§ **Task directions**: Leaving the pictures aside, return all of the data below exactly.

[Stored items from a collection]
⟨

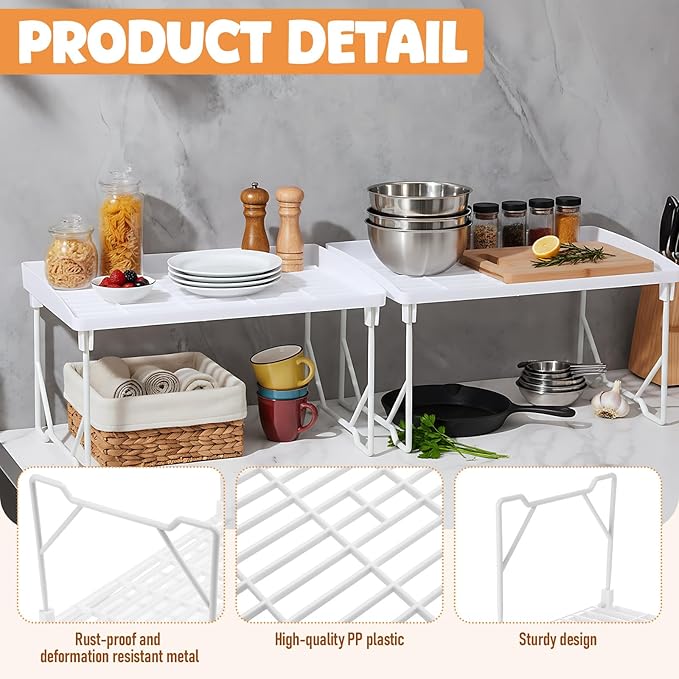 6 Pack Stackable Plastic Kitchen Storage Shelf Foldable Racks, Pantry Shelf Cabinet Organizers, Expandable Storage Rack for Cabinet Fridge Bathroom (12.4 X 7.6 x 6.3,White)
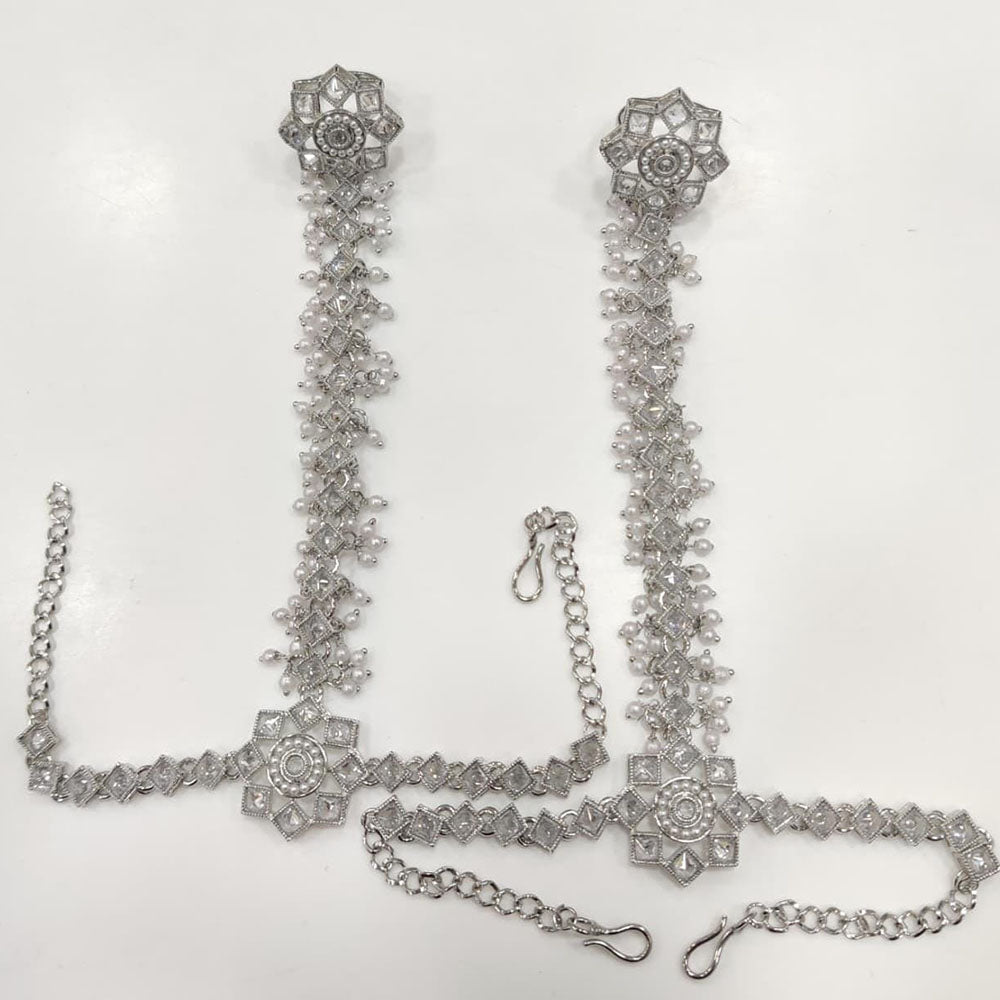Kavita Art Wedding Wear Crystal Stone And Pearl Hath Panja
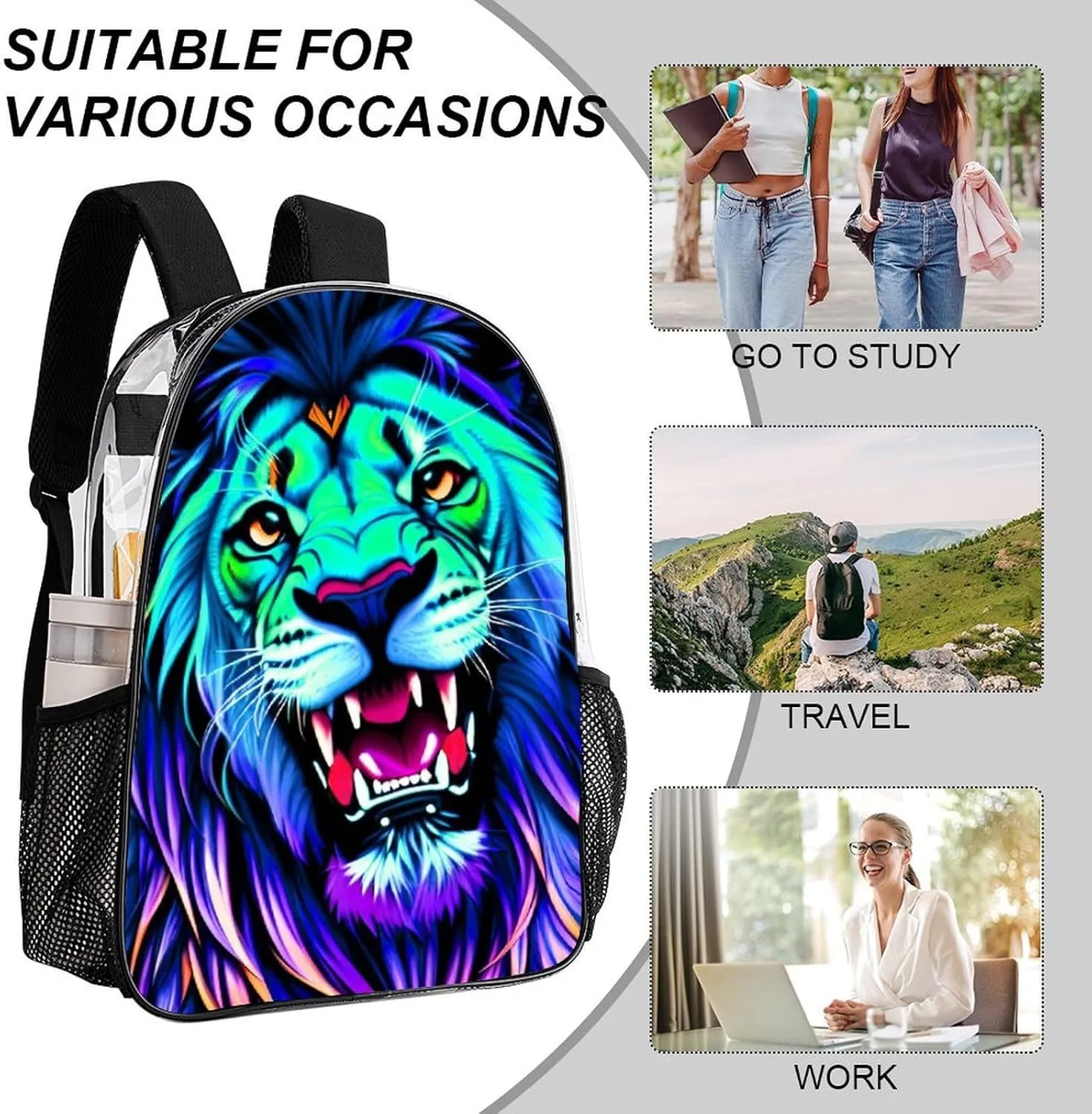 Daypack Backpack Multipurpose Anti-Theft Large Capacity Bookbag - Trippy King Of The Lion Art Travel Hiking & Camping Rucksack Transparent Bag
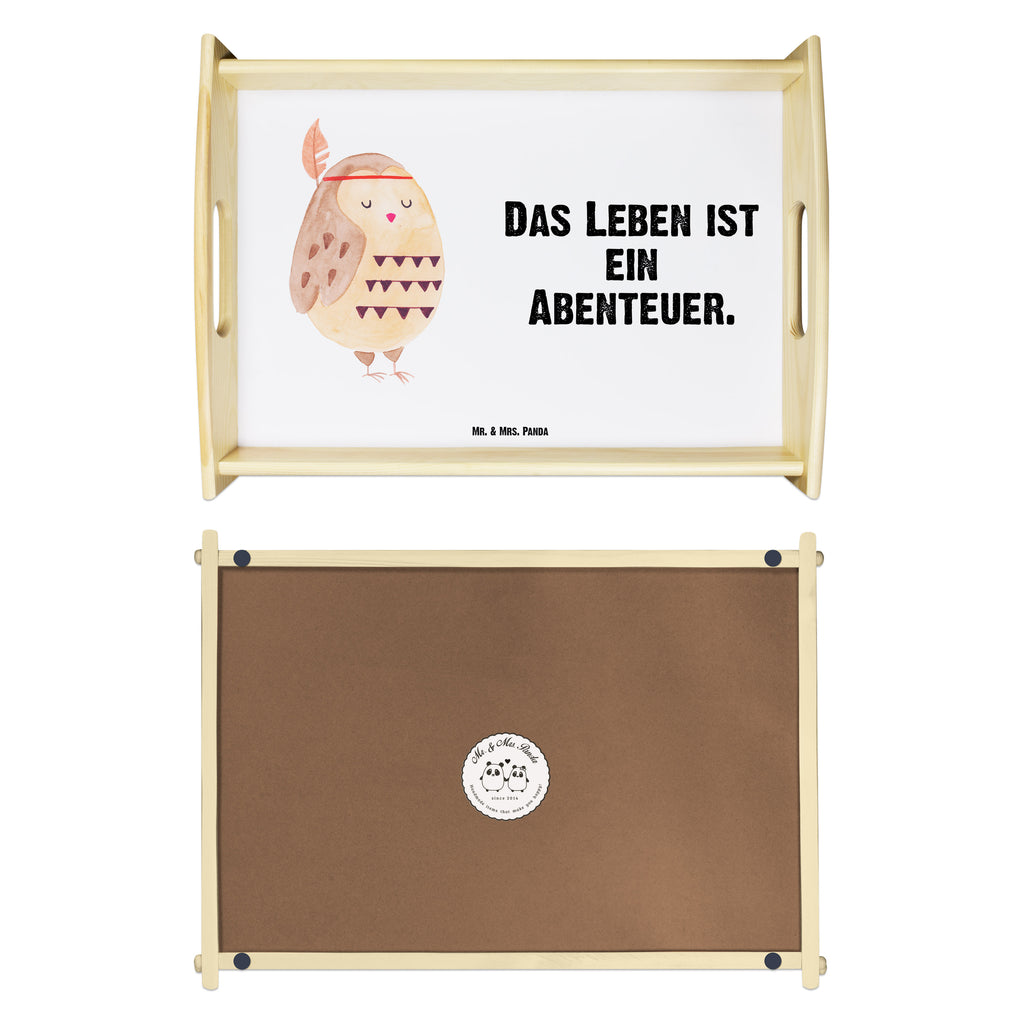 Serviertablett Eule Federschmuck Tablett, Holztablett, Küchentablett, Dekotablett, Frühstückstablett, Eule, Eule Deko, Owl, Das Leben ist ein Abenteuer, Reisespruch, Federschmuck, Dekoration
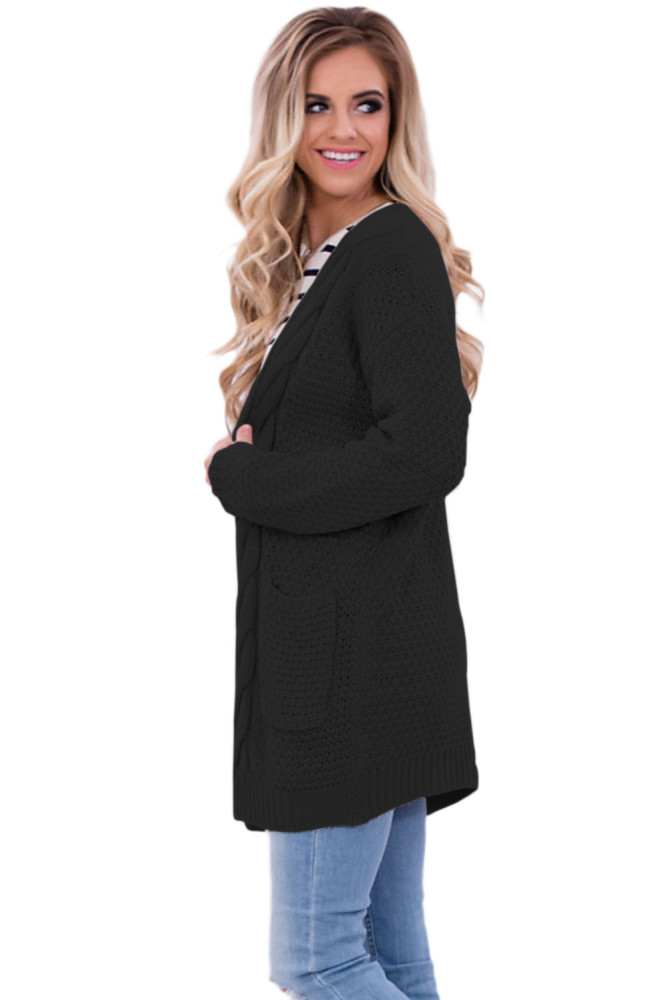 Black Long Open Front Pocket Cardigan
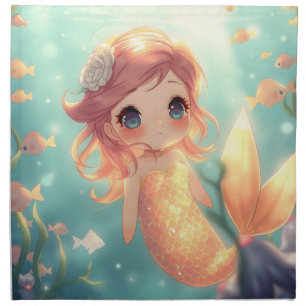 Cute gold mermaid in underwater world cloth napkin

⟩

§ **Result for this exercise**:
 6 Pack Stackable Plastic Kitchen Storage Shelf Foldable Racks, Pantry Shelf Cabinet Organizers, Expandable Storage Rack for Cabinet Fridge Bathroom (12.4 X 7.6 x 6.3,White)
Kavita Art Wedding Wear Crystal Stone And Pearl Hath Panja
 Daypack Backpack Multipurpose Anti-Theft Large Capacity Bookbag - Trippy King Of The Lion Art Travel Hiking & Camping Rucksack Transparent Bag
 Serviertablett Eule Federschmuck Tablett, Holztablett, Küchentablett, Dekotablett, Frühstückstablett, Eule, Eule Deko, Owl, Das Leben ist ein Abenteuer, Reisespruch, Federschmuck, Dekoration
 Black Long Open Front Pocket Cardigan
 Cute gold mermaid in underwater world cloth napkin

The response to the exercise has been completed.